Ante la falta de ruidos, Steve escucha la tormenta en el exterior. A su rostro lo mancha la comprensión y soy yo el que está confundido cuando retrocede. Asiente como si supiera lo que acaba de ocurrir en el ático.

—¿Por qué se callaron todos? ¿Estamos jugando a que la persona que habla pierde y no me dijeron? —demanda Kassian, desde la mesa—. Porque si es así, son todos unos trampo... —Elvis le tapa la boca antes de que llegue a preguntar—: ¿Qué ocurre? Escúpanlo.

—Te pidió que nos dijeras que se sentía mal, ¿verdad? —sigue Steve e ignoramos el grito de Elvis cuando el niño le muerde la mano—. Tenía la esperanza de que esto dejara de ocurrirle.

—¿Y si en lugar de hablar en código nos explican por qué esta chica no baja? Mi maldita comida se está enfriando —exige Mei.

—Zoe sufre de astrafobia. Le teme a los rayos, a los relámpagos, a los truenos y todo lo que tiene que ver con las tormentas.

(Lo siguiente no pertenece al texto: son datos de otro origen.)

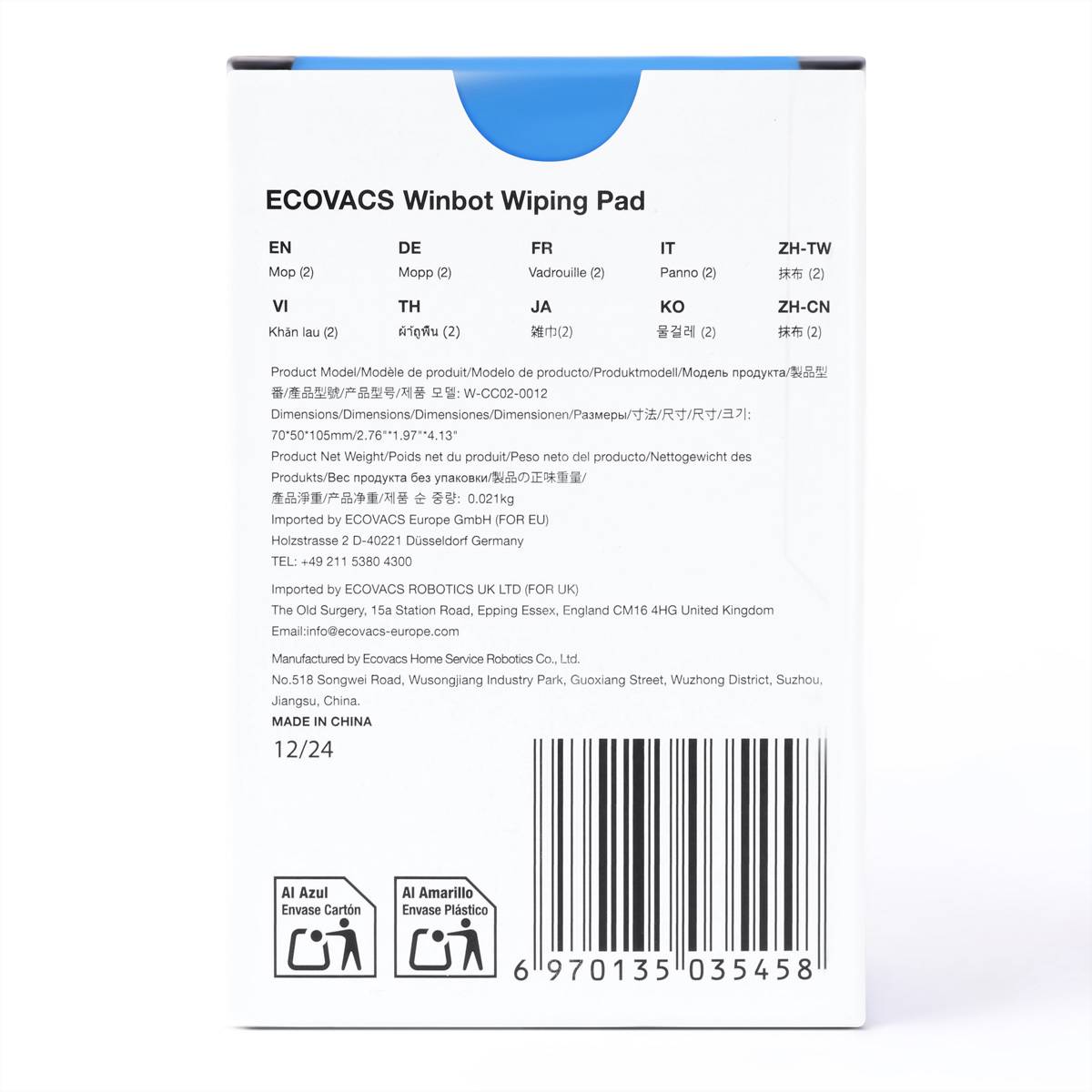 Ecovacs WCC020012 accessorio per lavavetri elettrico Panni mop per pulizia-1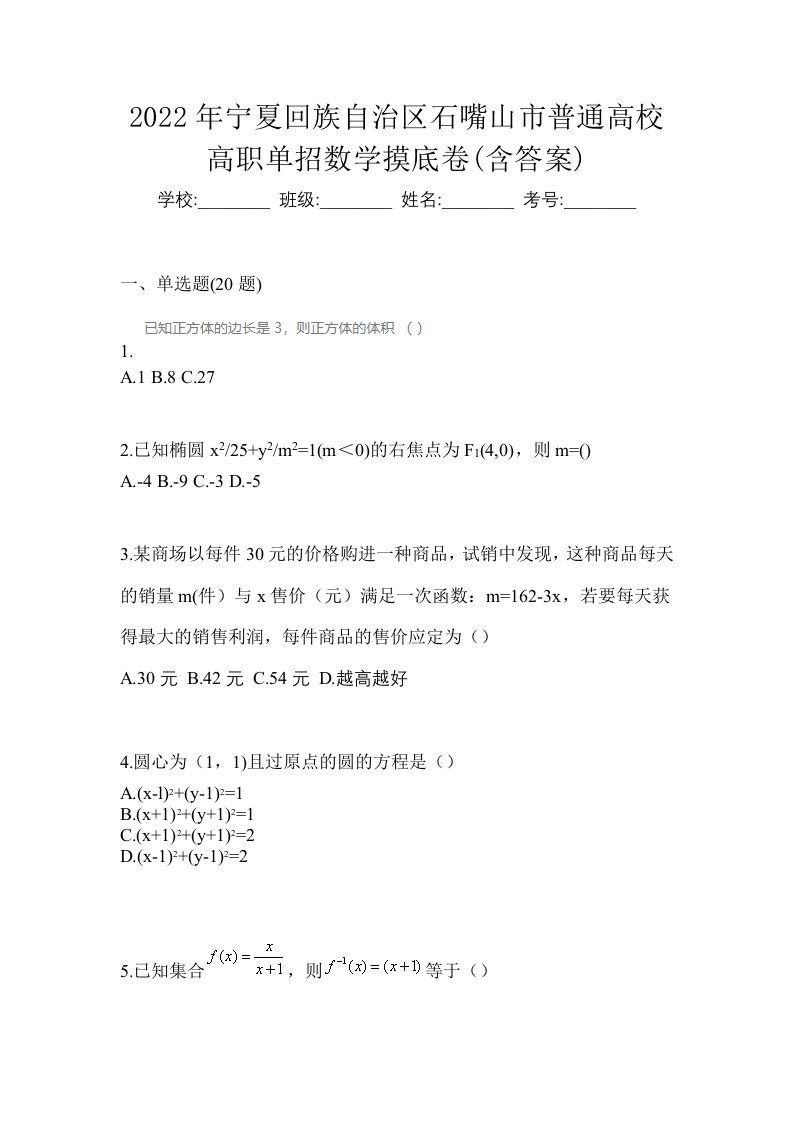 2022年宁夏回族自治区石嘴山市普通高校高职单招数学摸底卷含答案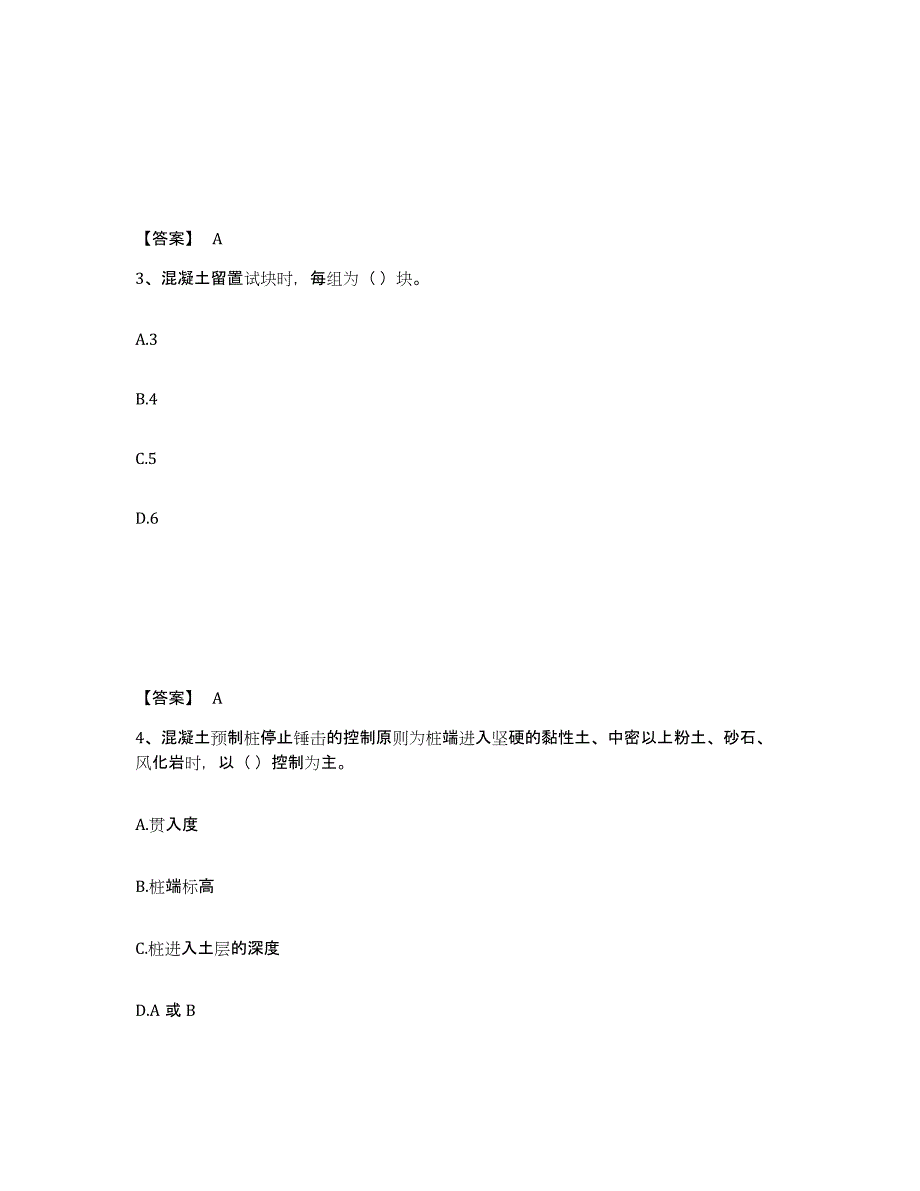 备考2025山东省质量员之土建质量专业管理实务能力测试试卷B卷附答案_第2页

En cuanto las palabras salen de Steve, quiero agarrarlas y metérselas de nuevo por la garganta. Adoro a este tipo, pero esa adoración se ve nublada porque ese no es su secreto como para decirlo frente a todos. Me preguntó cómo lo sabe y me veo retenido por mí mismo, en la espera por una respuesta.

—Crecí en Betland y soy solo dos años mayor que Zoe, la conozco desde que tengo uso de razón —explica—. Mi hermano Chase es muy cercano a su fami... A las personas que la rodean.

—¿Y por qué le teme a las tormentas? —Dave ha dejado de barrer.

—No es mi historia para contarla. —Se encoge de hombros y una parte de mí se alivia al saber que nada, incluso lo que no sé, saldrá a la luz por medio de Timberg—. Lo único que voy a decirles es que le den espacio respecto a esto. Acaba de llegar y de seguro no estaba en sus planes tener un ataque de pánico. No insistan o saquen el tema si ella no lo hace —aconseja con pesar—. Y no interfieran.

Sus ojos cafés caen en mí.

—De verdad, Blake. No interfieras.

—¿Por qué crees que soy el único que sería capaz de interferir?

—Porque sueles pensar más con el corazón que con la cabeza. Touch heart, ¿recuerdas? No es necesario que alguien pida algo para que estés en su puerta, listo para dárselo.

Conoce mis puntos débiles y me advierte que la chica de la cicatriz será uno de ellos, pero no sabe que, en el fondo, ya lo es.

No voy a olvidar lo que vi en ese ático.